In vim and bash we can use ctrl-v + ctrl-^ for example to enter a "record separator" and bash will display ^^ for that.

Would be nice with csv files.

jakobjpeters commented 1 year ago

I am a a bit concerned about basing it on a US standard, given that their are non-US countries and the US doesn't have a great track record cough imperial units cough. However, I am from the US and am not knowledgeable on what standards are out there. Is US-ASCII the standard internationally or are their competing ideas? If it is indeed an internationally used standard, my concern above is not relevant.

trzza commented 1 year ago

Another option which would be more helix-y would be to do a text search for unicode symbols.

I like this way of doing it

Unicode input is very important to a package I'm writing, so I really hope this feature is implemented.

EDIT: typo

Kitty terminal implements this very nicely and does feel more helix-y

chtenb commented 1 year ago

I think it is more powerful to put this functionality in the terminal emulator, or even better, in the OS level. Using WinCompose/XCompose you can handle unicode keyboard input pretty well, and this carries over to all other applications automatically.
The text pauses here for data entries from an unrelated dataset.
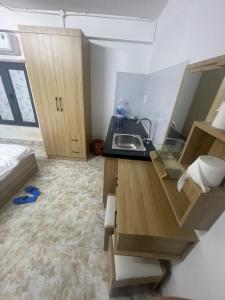 a small kitchen with a sink and a bed at Lami House in Danang +13 photos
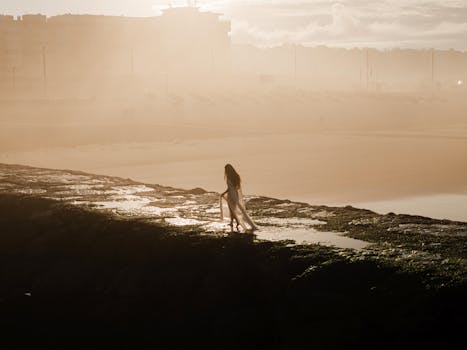 A woman in a white dress strolls along a rocky coastline at sunset, Lisbon, Portugal.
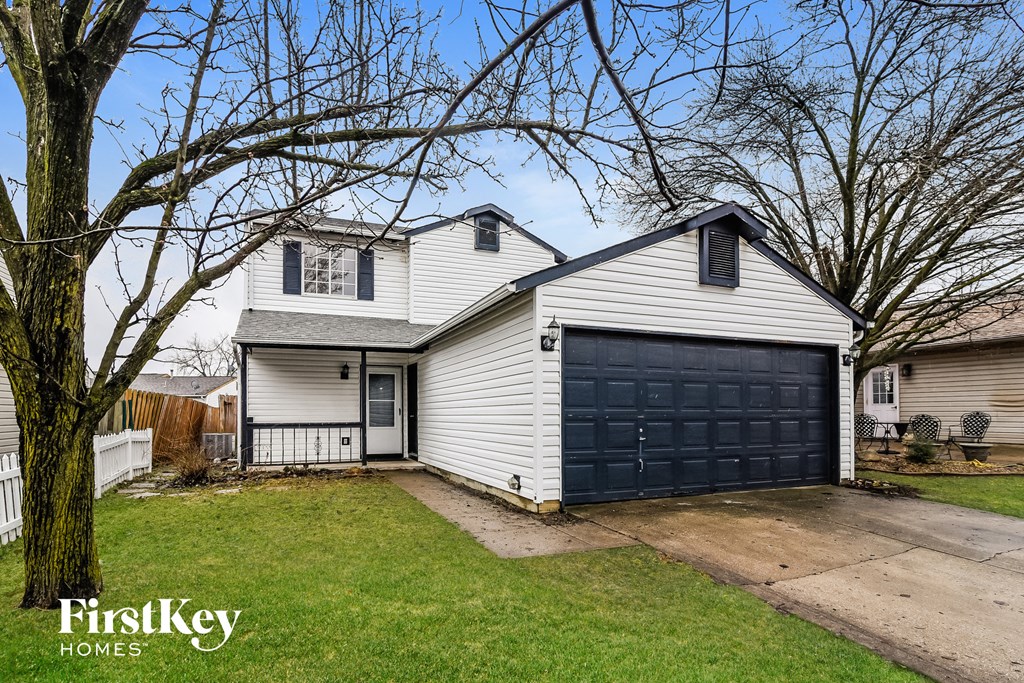a white house with a black garage door
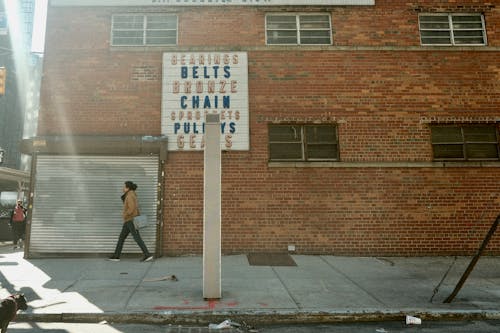 A man walking down the street in front of a brick building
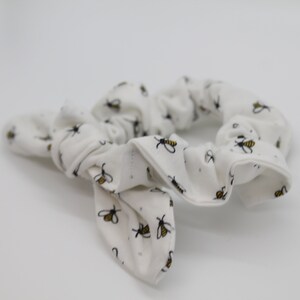 May include: White scrunchie with a bee pattern. The scrunchie is made of a soft, stretchy fabric and is tied in a bow.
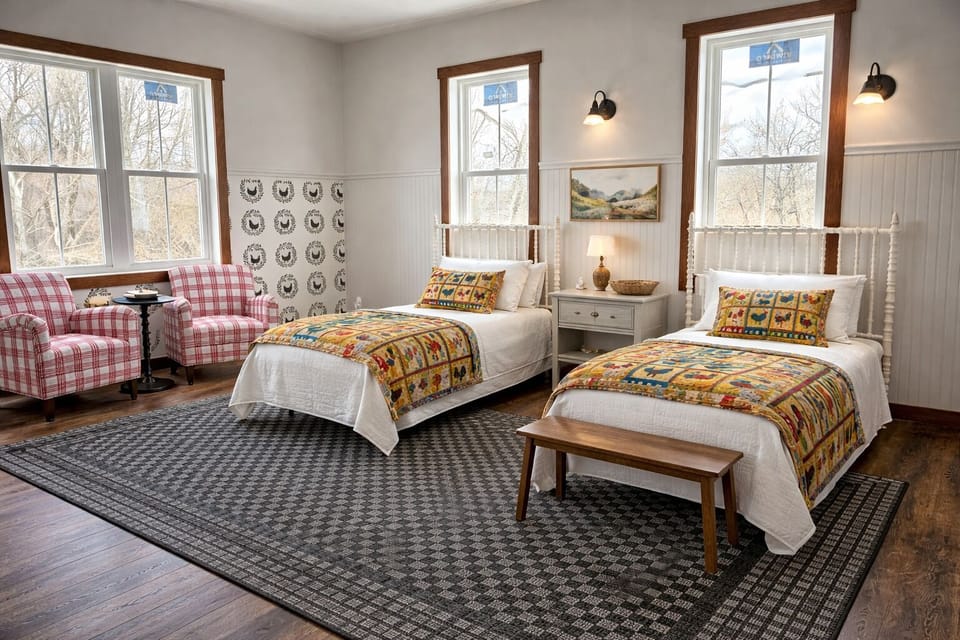 Rendering of bedroom on the main level with two queen beds.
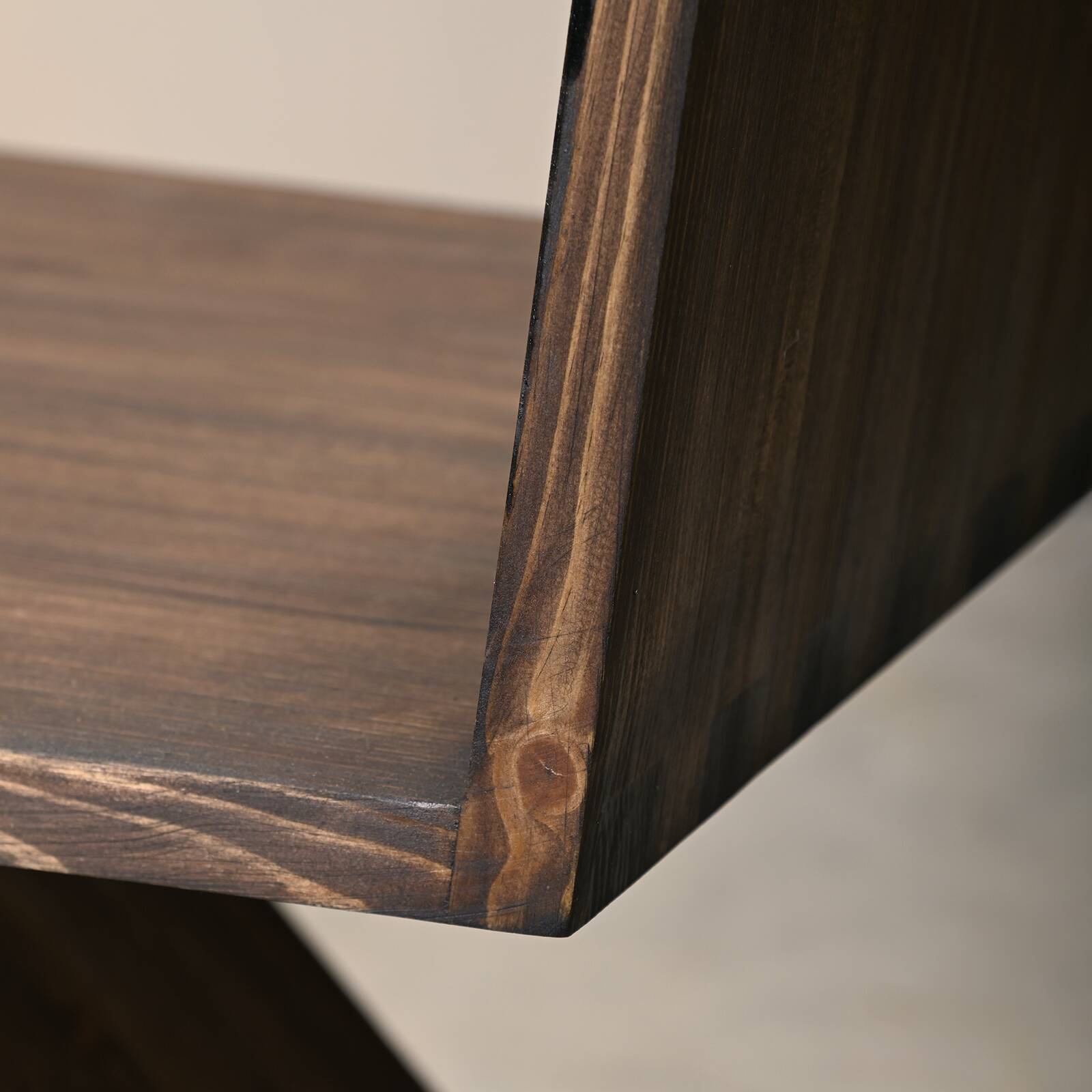 Gerrit Rietveld Zig Zag Chair is dark brown stained wood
Keeping it confined to a (single) text editor is quite restrictive, though it may be useful for some language specific control.

SeSodesa commented 2 months ago

Something like this would be very useful, as languages like Julia and Lean both allow the use of Unicode characters in identifiers. The Julia language extension for Vim (https://github.com/JuliaEditorSupport/julia-vim) has addressed this by allowing tab-completions of LaTe\Chi-like strings in insert mode, and I believe Lean does something similar, although their tab-completion table is not based on LaTeX.

I believe such a "macro system" would be the most ergonomic way of typing Unicode characters. The backslash key is probably not the most ergonomic modifier key, though.